Was she in Communicado’s Ines de Castro with you?
Yes, she was the nurse. As an actress she is always moving and truthful. She surprised a new generation who had written her off with that.

Back to the wig – and where did you get her cardies?
(Laughs) That mohair one? Out of Oxfam I think! When I asked her to do the part I warned her there’s nothing glamorous about this role at all. And she just went for it!

Of the Newfoundland films, I thought Nan was the most cinematic.
It had very little dialogue. We tell the story visually through the characters. I look at a film script with a director’s eye.

How did you as director, influence the script for Nan?
Hmm, in discussion with Colin, we changed the ending and made some cuts. The essence of the story remained the same but we shaped some of it differently. Some things needed heightening.
I am not one of these directors who wants to put "A Film By" in the credits. I don’t want to take the writer’s story away from them. How can a film be "By" anyone? It doesn’t make sense to me: there are so many people contributing. But the director (and often the producer) is the one person who’s there from the beginning with the script, until the film is done and dusted and you can do no more with it.

The budget for the Newfoundland films is tight. Did you shoot on film?

No way: The budget was £45,000, so we shot on DV. We begged, borrowed and stole to get that film made. Colin and I worked Nan for a year. We didn’t manage to pay ourselves and no one really made much money out of it. But if you have a good script you find that you can get a good team willing to sign up to make the film. I had a fantastic team and being behind the camera was a great experience.

Your Tartan Short "Tangerine" has just premiered at the Edinburgh Film Festival. It’s a story based around the Forth Railway bridge.
We shot in the first week of May and we had fantastic weather. In the film, the bridge looks just beautiful! The way the sun hits it at a certain time of the day, it just glows tangerine. In some scenes of the film it looks so incredible you’d think it was a backdrop. We were so lucky as the next week the haar rolled in and the bridge vanished for days on end.

Everybody in Scotland loves that bridge.
We used a house in North Queensferry belonging to a lovely man called Bob Cubin, who’s a local historian. He was a fount of stories about the bridge. From his garden, you look right down the length of the bridge over to South Queensferry. We used his bedroom, his living room and his garden. His whole house was covered with pictures of the bridge

And "Tangerine" is about a man who’s spent his life painting it.
Yes – up there in all weather’s with his bucket of orange paint. For forty years. And then he has to retire, and he doesn’t want to, because the bridge has been his life – almost his mistress. But here he is, sitting at home with his wife, no hobbies, no friends outside work, and he doesn’t know what do do with himself and she doesn’t know what to do with him either. Forty years of parallel lives.

This sounds like my Dad.
I think retirement is a big, big thing for Scottish men of that age. And for the women married to them too. And people don’t know how to talk about the ordinary deep things in life.

In Scotland?
Maybe everywhere outside of America! Jerry Springer – my God!
Relationships after retirement – there’s a bigger story there.

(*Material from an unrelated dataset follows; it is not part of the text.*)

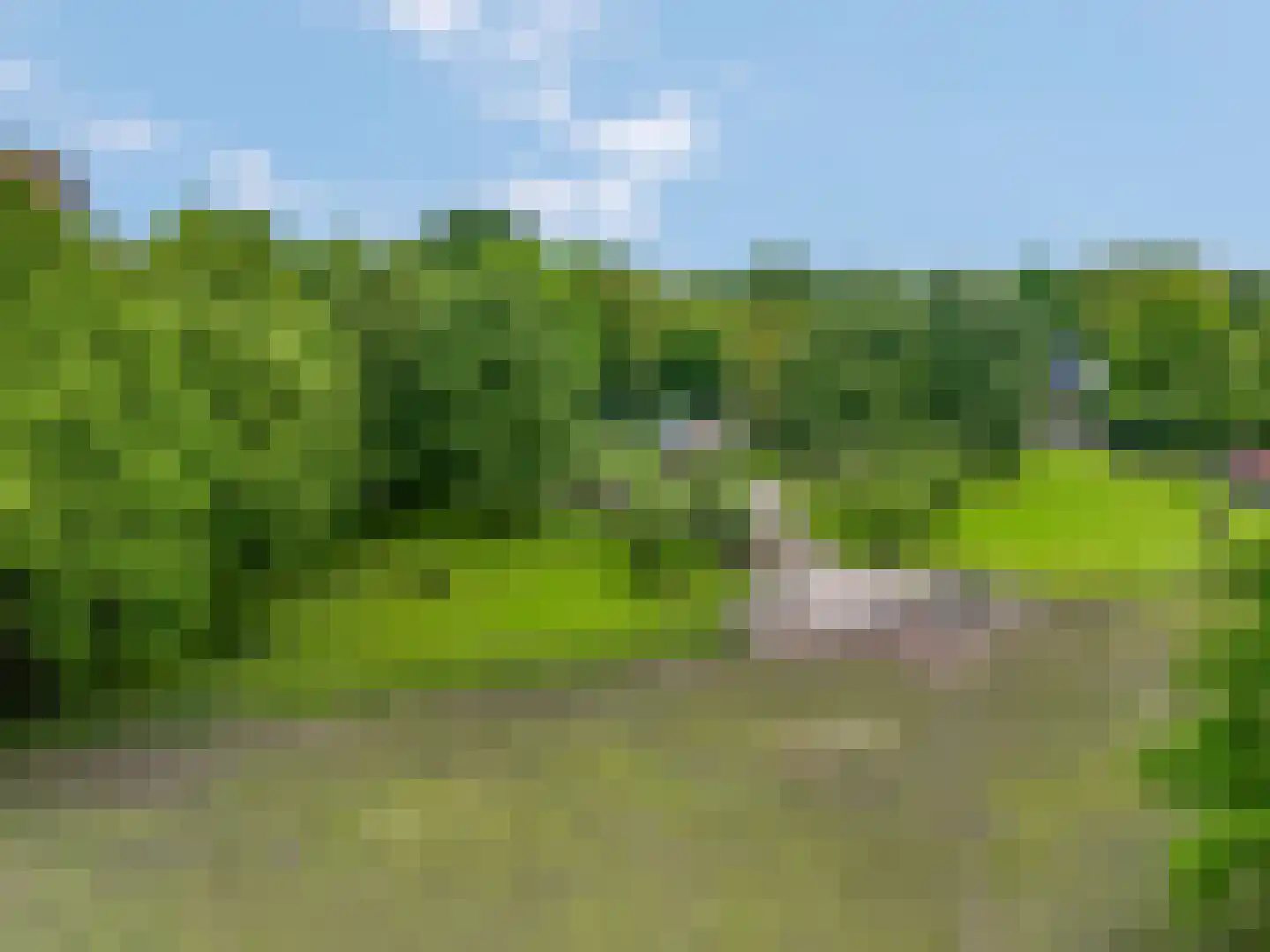 Primulalaan 11 Ede thumbnail 45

How did you find the move to directing film?
Well, Obviously I’m interested in different things than some 22-year old guy fresh out of film school. But people crave different stories.

How does your theatre background help?

People can be a bit "sniffy" about a theatrical background.
I don’t mean to be dismissive, but if you’re 22 and straight our of film school – what do you know about character and stories?
After 25 years in the theatre that’s what I do know about – character and story. And I’ve always had a very visual way of directing and seeing a story.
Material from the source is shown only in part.